Clean Air Program: First Los Angeles / Long Beach, now Oakland
We’ve said before that it was only a matter of time before Oakland followed suit and it appears that time is now:
The plan includes a road map for raising $520 million over several years. Approximately $350 million would come from per-container fees that would be assessed on ocean carriers along with matching government funds. The remaining $170 million would come from bonds approved by California voters in November 2006.
Along with other pollution mitigation, the money would be used to replace or retrofit approximately 1,900 older polluting diesel trucks and to rebuild the Seventh Street rail crossings at the heart of the port.
Emphasis ours. Sound familiar? As expected, the per-container-fee and the prospect of another nightmare if local authorities try to force the port trucking industry into the hands of the Teamsters has local port customers nervous:
The possibility of container fees and a proposal to restructure the harbor trucking industry sets up a struggle with port customers and probably will mean litigation.
Late Monday, 54 companies, including Gap Inc., Levi Strauss. J.C. Penney and Target Corp., as well as trade associations, wrote Oakland Mayor Ronald Dellums saying the proposals violate state and federal law and impose an unfair burden on those moving goods by container.
It’s important to note that this is all still in the beginning stages and that the port is merely “considering” a set of goals to work with.
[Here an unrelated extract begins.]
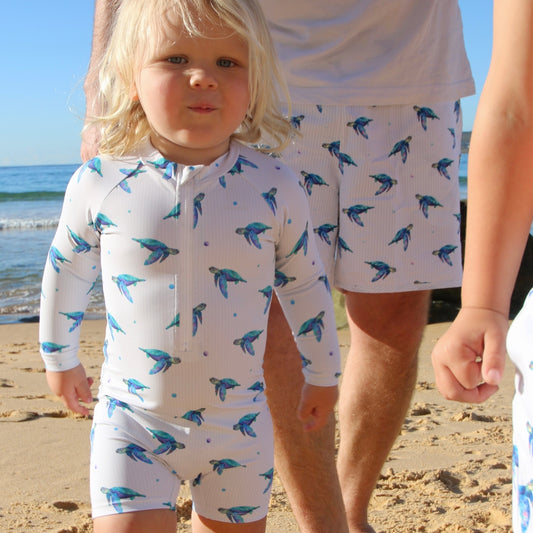 Short One Piece | Sea Turtle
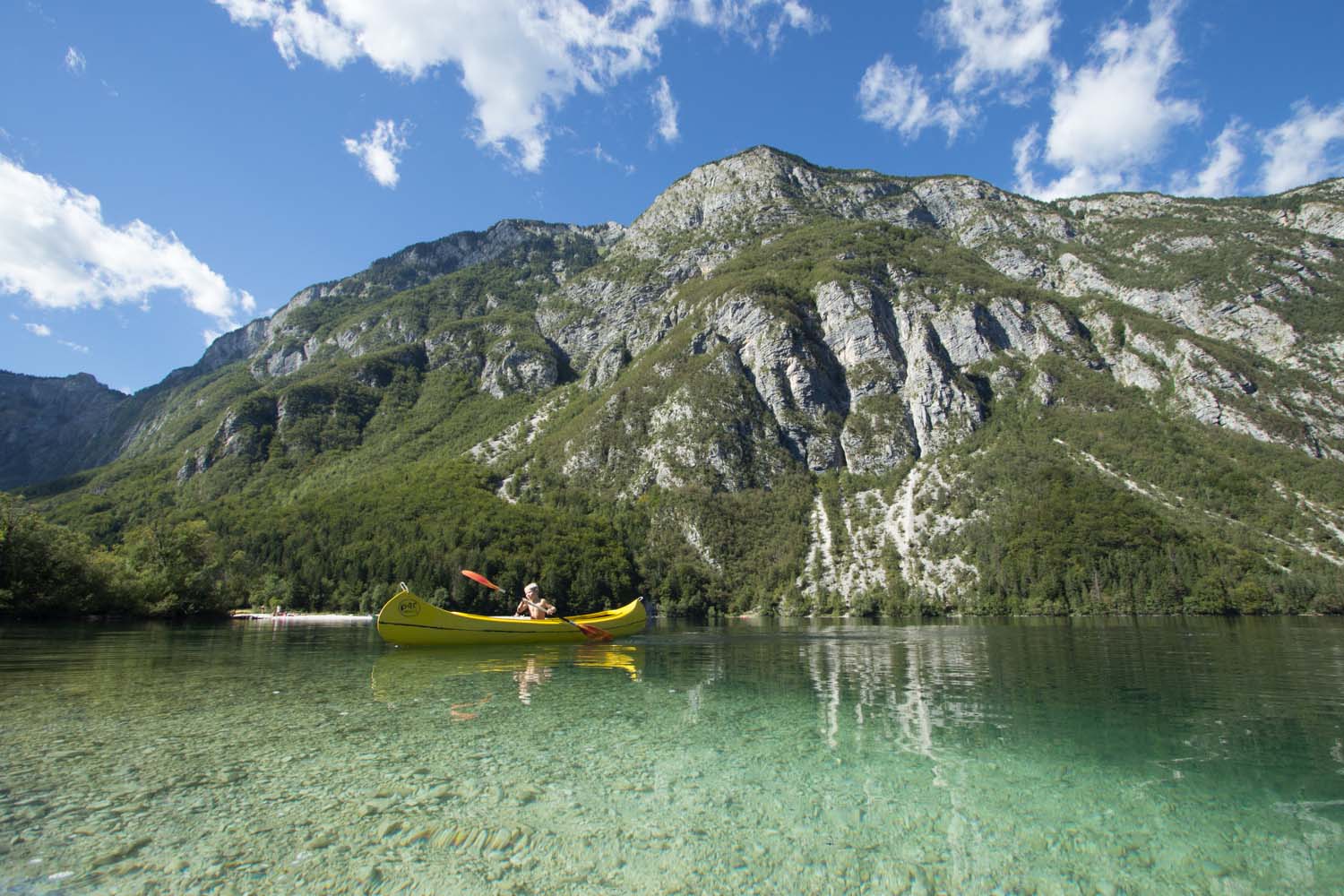 Lac de bohinj Randonnée Slovénie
Nonetheless, while clean air is a goal that I believe everyone involved with the port shares, they should learn from the current mess that our neighbors down south are currently involved in and heed the words of the Pacific Merchant Shipping Assocation:
The Pacific Merchant Shipping Association, which represents the ocean carriers and terminal operators that are tenants of the West Coast ports, urged commissioners in a letter Monday to be cautious about imposing container fees due to competition with other ports.